Frankly, it was a terrible experience. Usually I like to hang around and interact with folks. I just couldn't wait to get the heck out of there, frankly because the Spirit was so absolutely absent. One woman, a Latter-day Saint, came up afterward and told me how much I had helped her testimony; maybe I was there just for her. I don't know, but in terms of anything productive really happening, it was impossible for the Spirit to bear witness to truth.
Now I think the best apologetics setting in which I have ever participated was in the context of serving on the committee that evaluated The God Makers in 1984-85. The God Makers arrived in Mesa and I went to see it with a Latter-day Saints friend. About 2,000 other Christians came to see that film wanting to find out what their Mormon neighbors believe; unfortunately they left thinking they knew. The day after the film, I wrote an article that appeared in the newspaper in which I called the film religious pornography. Ed Decker, who made the film, called me the next day wanting to know what I meant. I told him that if he didn't know I surely couldn't explain it to him.
At any rate, the National Conference of Christians and Jews, which has been renamed the National Conference for Community and Justice, became involved. I was on the regional board of the NCCJ and we felt that this was an issue that they needed to address because it was dealing with interfaith dialogue, the attack of one group upon another, and other sorts of things. A committee was appointed, headed by Eddie Basha, a Lebanese Catholic. It was a committee made up of persons who were not LDS, and we spent a year looking at the film, talking to people who made it, talking to people who sought to distribute it, inviting Truman Madsen to come down (who at the time was holding the Richard L. Evans Chair of Religious Understanding), and getting his input on it from an LDS perspective. In the end, the NCCJ issued a statement about the film.
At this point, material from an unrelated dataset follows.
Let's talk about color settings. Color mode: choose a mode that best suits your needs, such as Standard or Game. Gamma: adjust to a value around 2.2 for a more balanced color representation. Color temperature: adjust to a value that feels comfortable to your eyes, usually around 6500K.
I want to read you a few comments that they made in this report to the religious communities of Arizona:
The National Conference of Christians and Jews reaffirms its allegiance to the First Amendment of the Constitution and our American tradition of religious freedom in both faith and practice. At the same time, we strongly urge responsible use of that freedom. It must be exercised with self-restraint, fairness, good judgment, and in a spirit of tolerance for the convictions of others.
Prolonged divisiveness based on religious differences can be detrimental to the business, social, political, educational, and even the personal lives of the citizenry. We would not like that to happen to us.
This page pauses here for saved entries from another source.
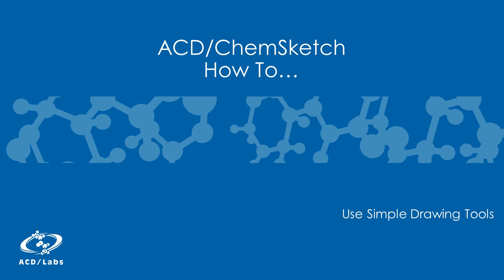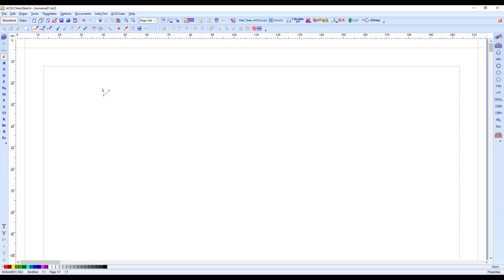This how-to video will show you the basics of structure drawing for ChemSketch. To begin, ensure that you're in structure mode by clicking Structure in the upper left-hand corner of the toolbar.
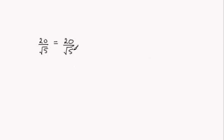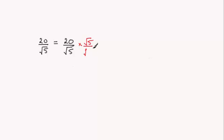What we do is we multiply top and bottom by square root of 5. Multiplying top and bottom by exactly the same thing is just like multiplying by one, so you're not going to change the value of the fraction, just the appearance.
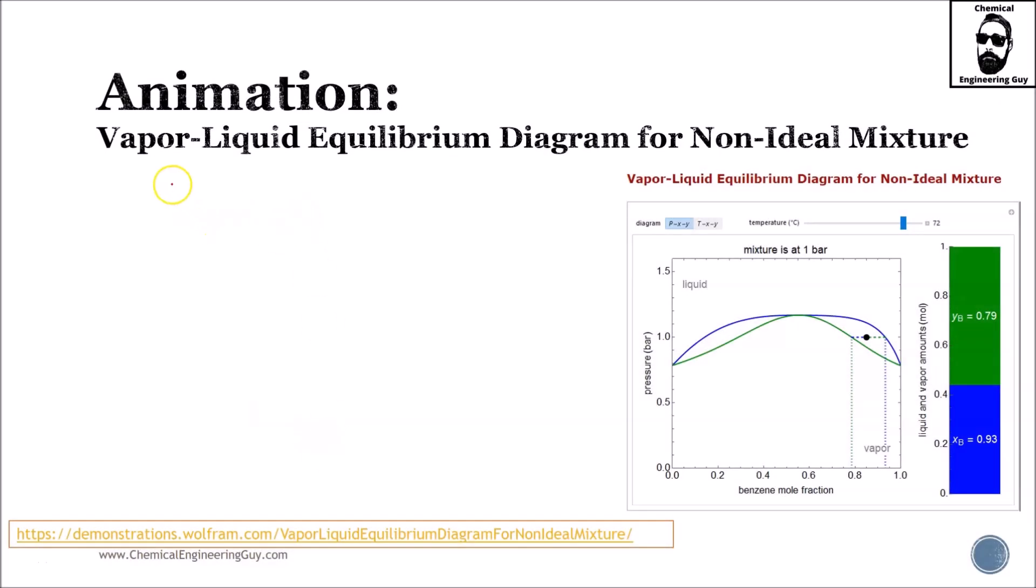Let's check out this animation, which is a vapor-liquid equilibrium diagram for a non-ideal mixture. Because it's not ideal, expect at least one azeotrope and deviations from Raoult's law.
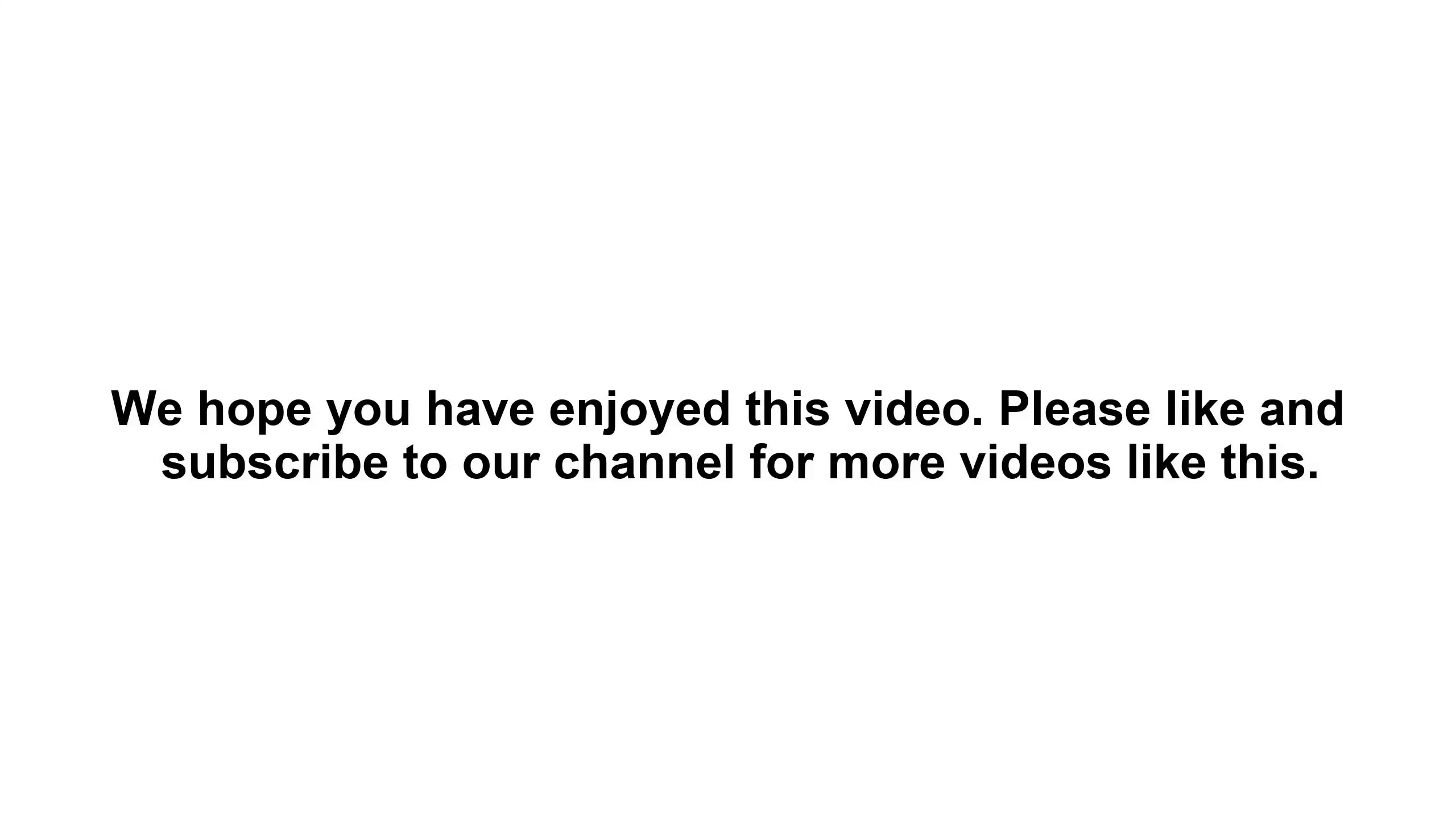We hope you have enjoyed this video. Please like and subscribe to our channel for more videos like this.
Neither do we believe that it serves the best interest of community good will for any group to attack the central faith, beliefs, doctrines, or validity of any other religious group.
We recognize as a positive value the right of any religious group to assert their belief in the absolute truth of their own religious beliefs and practices. However, this basic right also suggests the necessity for tolerance toward others who may hold similar views about their own particular beliefs and customs.
And then the film itself:
The film does not --in our opinion -- fairly portray the Mormon Church, Mormon history, or Mormon belief. It makes extensive use of "half-truth," faulty generalizations, erroneous interpretations, and sensationalism. It is not reflective of the genuine Spirit of the Mormon faith.
There are, unfortunately, some who lack adequate knowledge about the Mormon faith, who may unwarily be misled by this film. We recommend to all persons that they utilize every opportunity for face-to-face dialog with their neighbors in an atmosphere of mutual respect. This will help to provide authentic, firsthand information about the faith of our fellow citizens. Dialog will offer a palliative for controversy and a positive basis for continuing understanding, good will, and friendship.
That is the most effective form of apologetics I've ever been involved with because it wasn't Latter-day Saints defending themselves -- it was non-Latter-day Saints coming to the defense of another religious community that had been unfairly and unjustly attacked. Now if we believe in the basic premise of the NCCJ, we have the obligation to do the reverse, too, and that is to defend anybody who is unfairly attacked and unjustly criticized; if we do not, none of us has religious freedom.
I have a quote from John Stackhouse in a book called Humble Apologetics. He's a professor of theology at Regent College, at Oxford I believe, and he says this: "Apologetics could easily become a form of intellectual browbeating. It is warfare, waged on behalf of a neighbor's soul, by mowing down his resistance and presenting the gospel with the irresistible argument in hopes that he would relent and believe. Not terribly effective."